WORK ORDER: Using the data below, restate exactly every line from the one with "Die aktuelle ewige" up to and including the one with "Amazon Marketing And". No picture belongs in it.

[Extracted data entries]
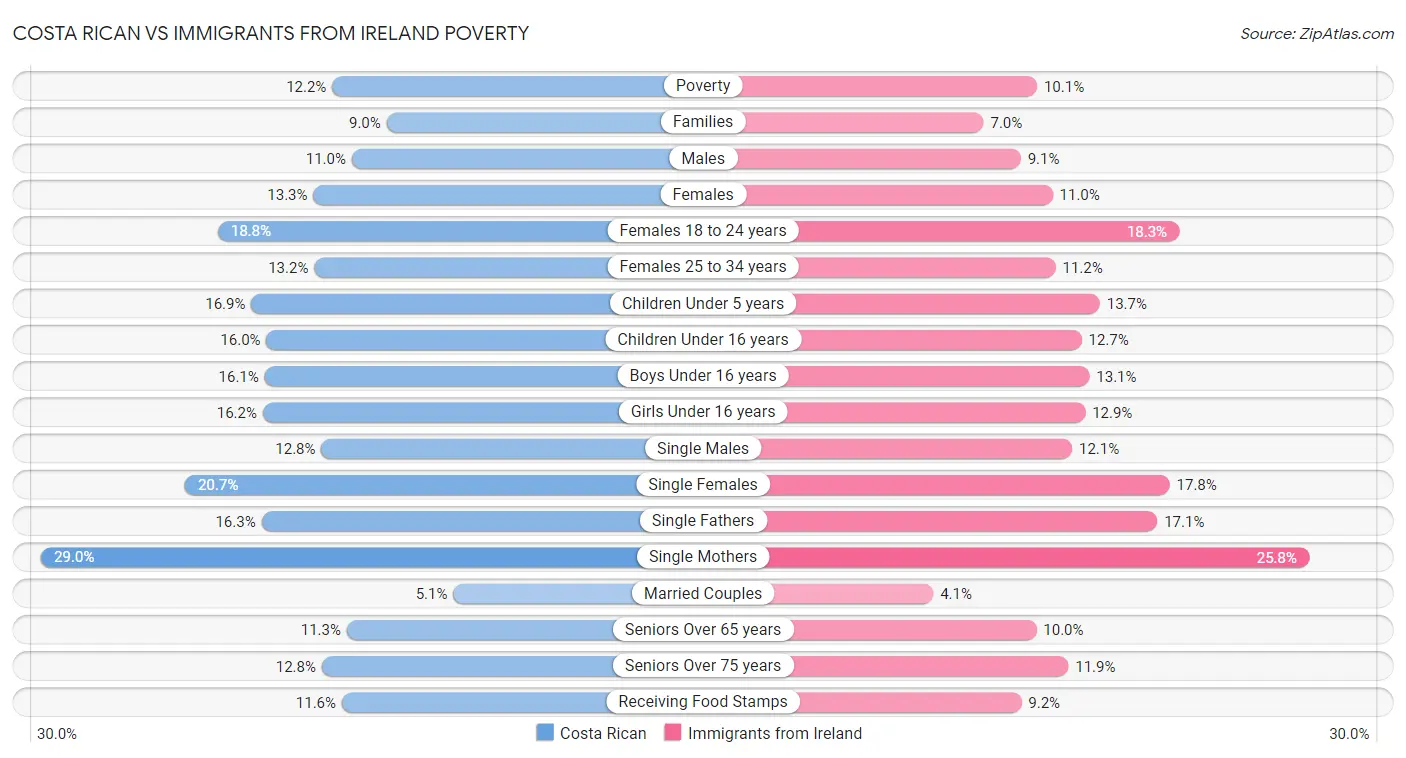 Costa Rican vs Immigrants from Ireland Poverty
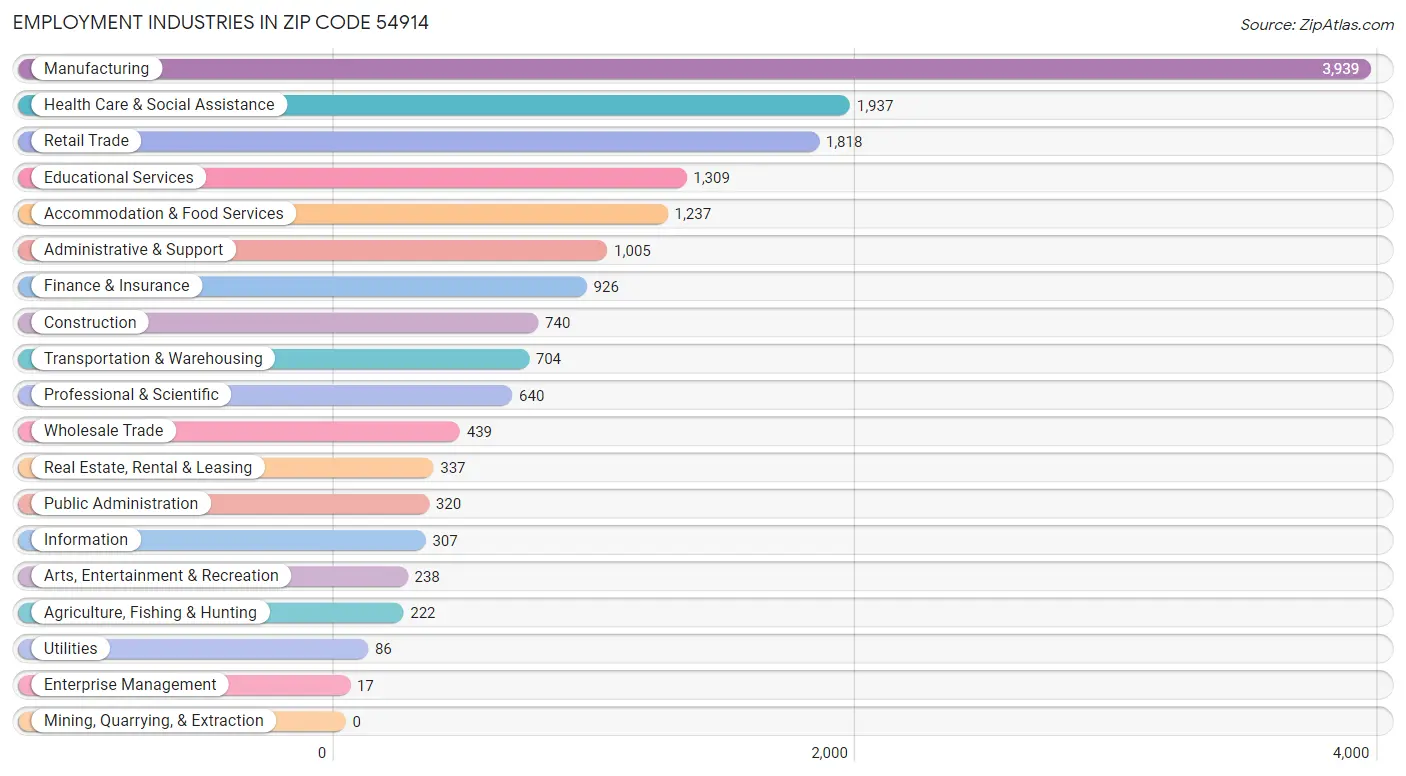 Employment Industries in Zip Code 54914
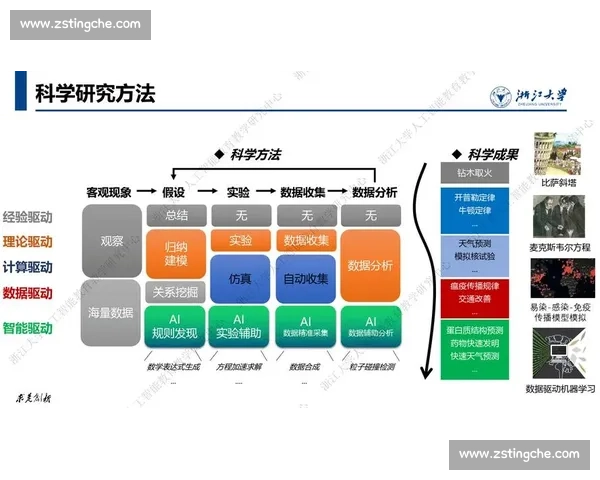 以数据驱动为核心的智能决策与业务增长创新发展新范式实践路径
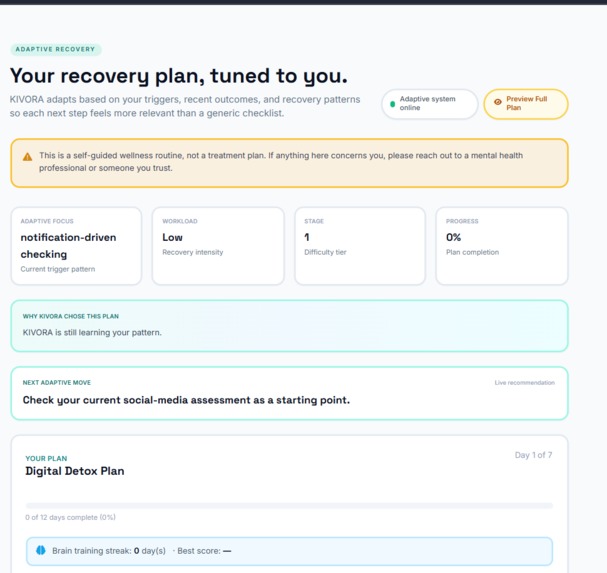 KIVORA — Adaptive Digital Habit Recovery – screenshot 8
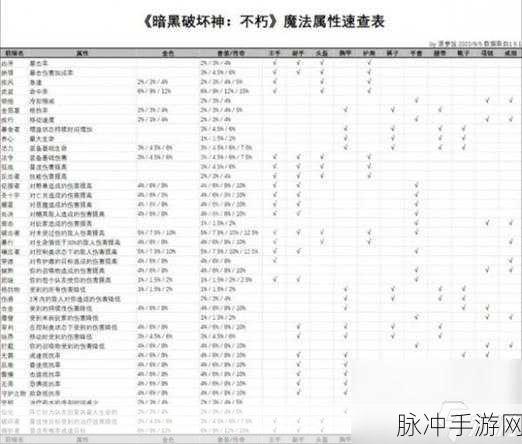 暗黑破坏神不朽，传奇装备获取秘籍大公开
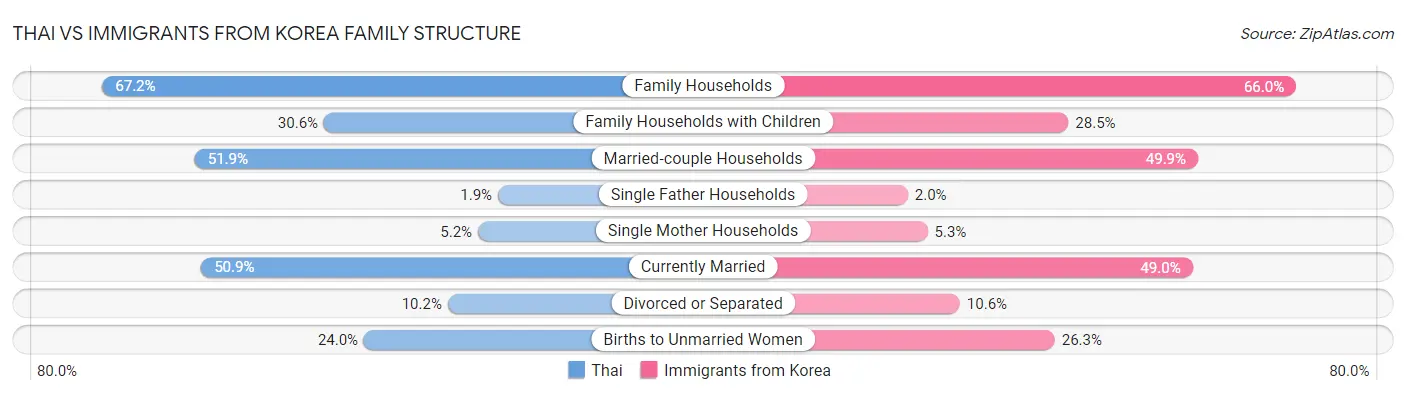Thai vs Immigrants from Korea Family Structure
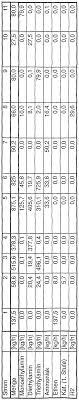 Die aktuelle ewige tabelle der bundesliga seit 1963/1964. Wo2002000597a2 Method For Producing Alkylamines Google Patents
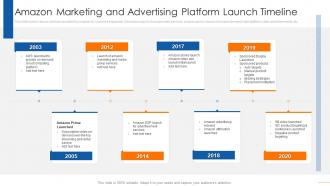 Amazon Marketing And Advertising Platform Launch Timeline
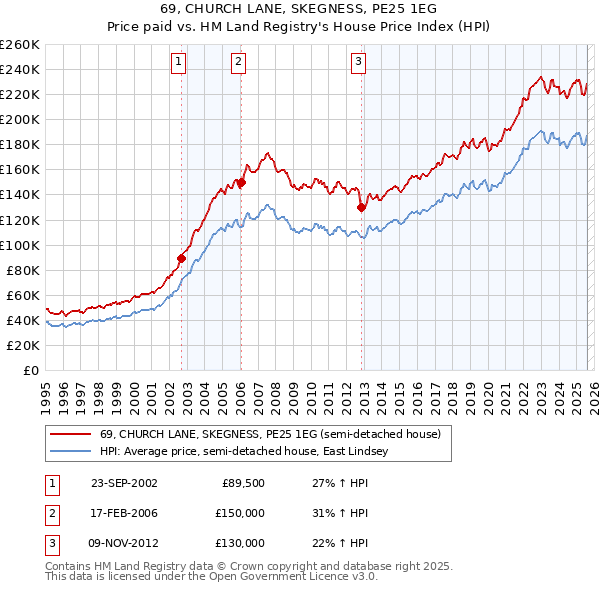 69, CHURCH LANE, SKEGNESS, PE25 1EG: Price paid vs HM Land Registry's House Price Index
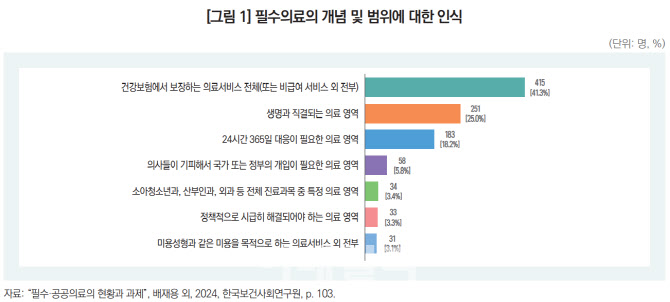 필수의료 강화 필요하지만…기준 두고 '동상이몽'
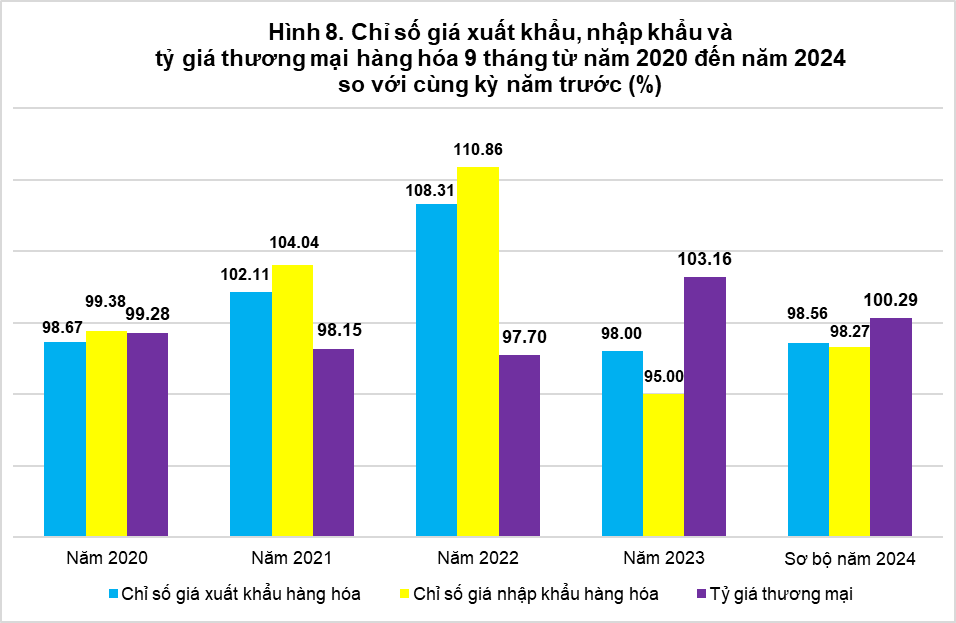 Chỉ số giá sản xuất, chỉ số giá nguyên nhiên vật liệu dùng cho sản xuất, chỉ số giá xuất khẩu, nhập khẩu quý III và 9 tháng năm 2024 7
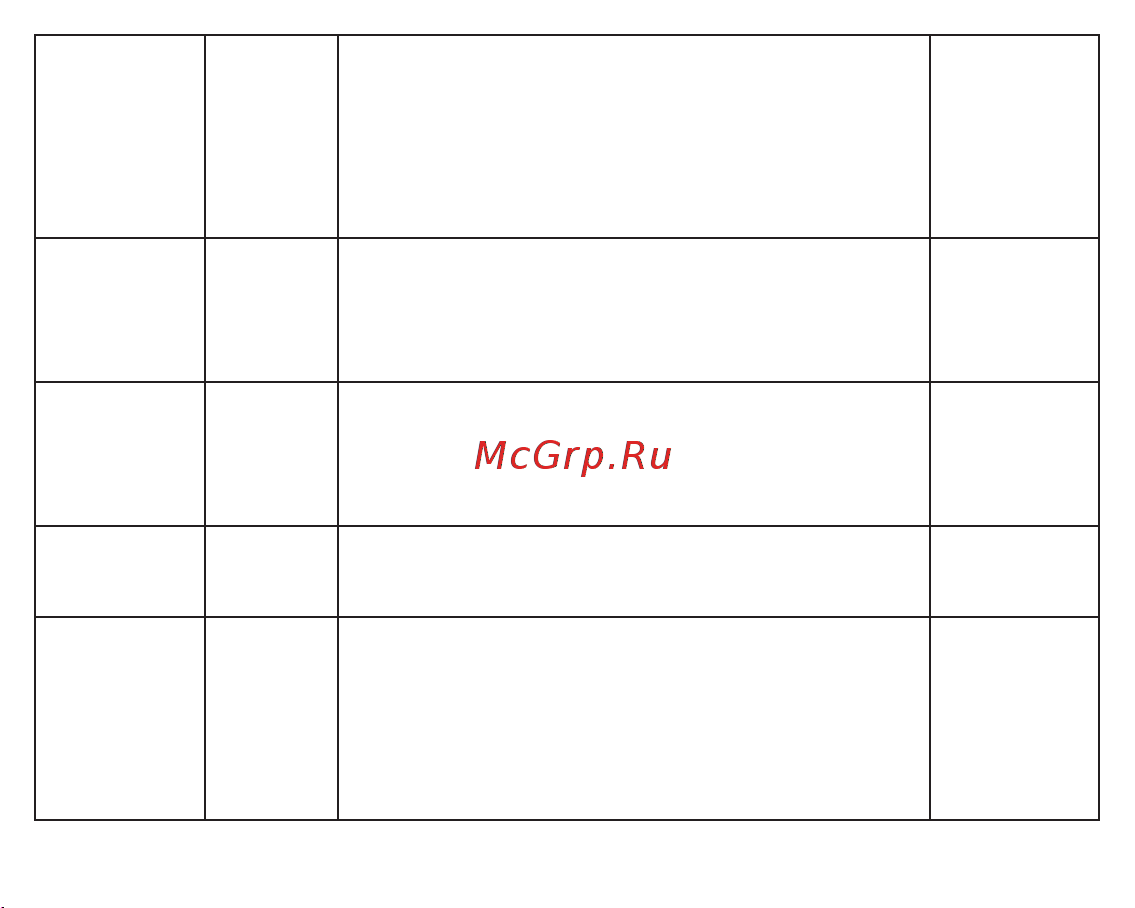 Fujida Karma Pro S WiFi [14/36] Камеры контроля светофоров и автобусной полосы также могут измерять превышение скоростного режима поэтому водитель может по собственному усмотрению включить или выключи...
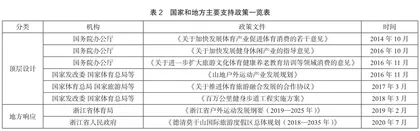 莫干山户外运动旅游兴起动因、现状与镜鉴启示1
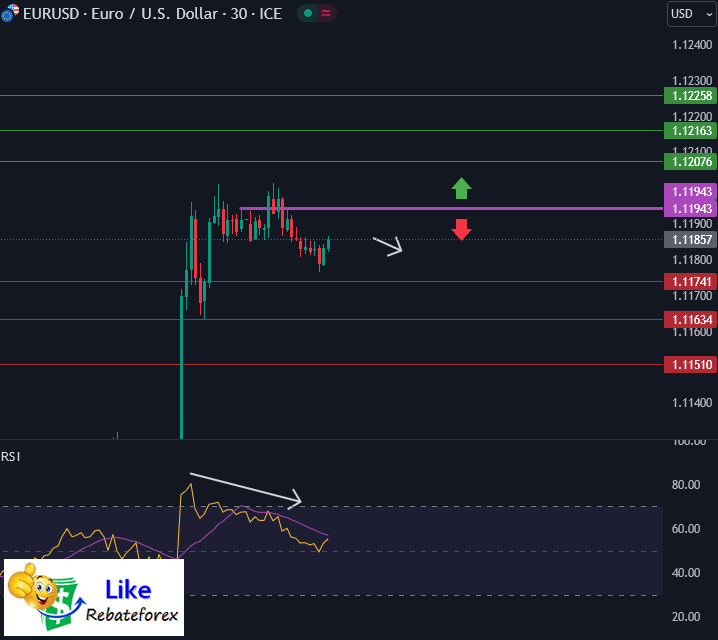 Forex Technical Analysis : EURUSD 26 August 2024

ANSWER TO THIS PROBLEM:
 Die aktuelle ewige tabelle der bundesliga seit 1963/1964. Wo2002000597a2 Method For Producing Alkylamines Google Patents
 Amazon Marketing And Advertising Platform Launch Timeline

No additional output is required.